Data excerpt:

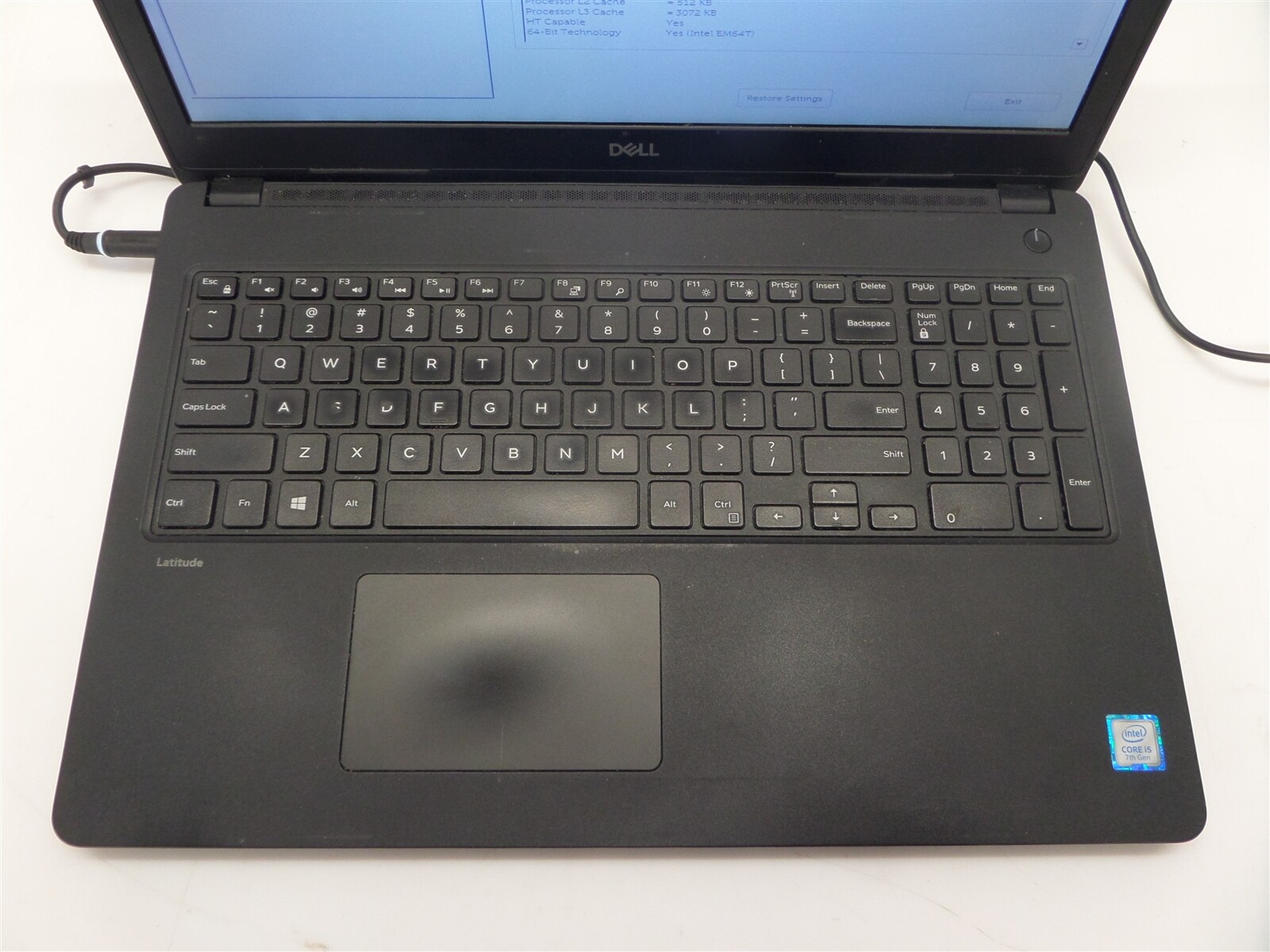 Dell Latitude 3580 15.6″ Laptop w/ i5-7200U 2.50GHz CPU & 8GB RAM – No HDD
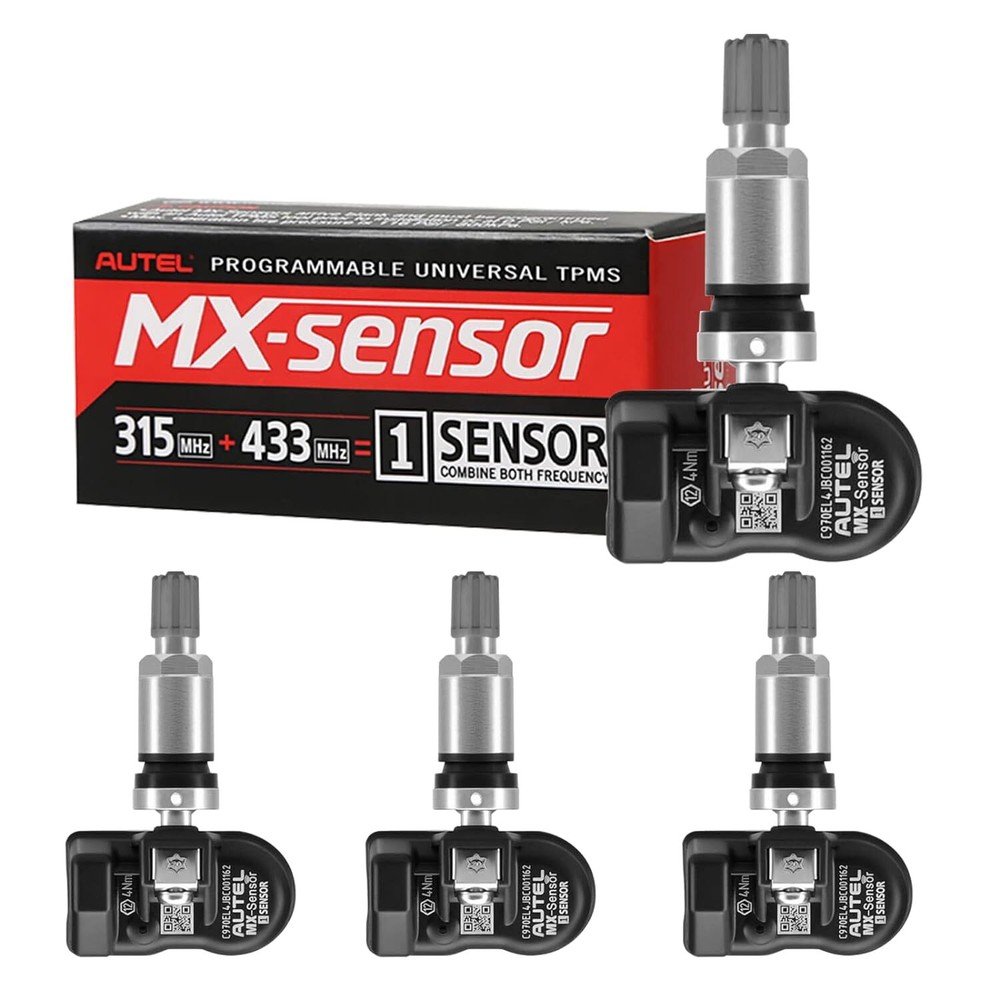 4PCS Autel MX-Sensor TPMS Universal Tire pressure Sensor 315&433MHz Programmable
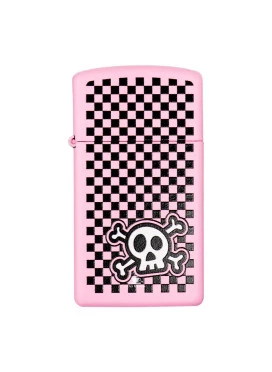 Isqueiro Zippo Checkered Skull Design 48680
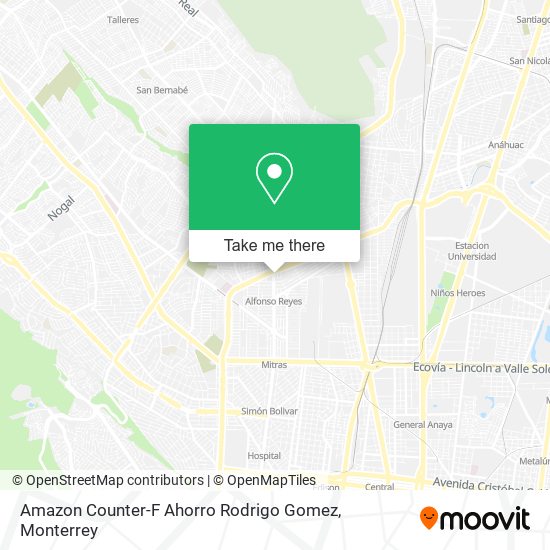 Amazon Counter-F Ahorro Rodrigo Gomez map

Goal of the exercise: Output the data exactly. Pictures don't belong in the result.

Result of this task:
 Dell Latitude 3580 15.6″ Laptop w/ i5-7200U 2.50GHz CPU & 8GB RAM – No HDD
 4PCS Autel MX-Sensor TPMS Universal Tire pressure Sensor 315&433MHz Programmable
 Isqueiro Zippo Checkered Skull Design 48680
 Amazon Counter-F Ahorro Rodrigo Gomez map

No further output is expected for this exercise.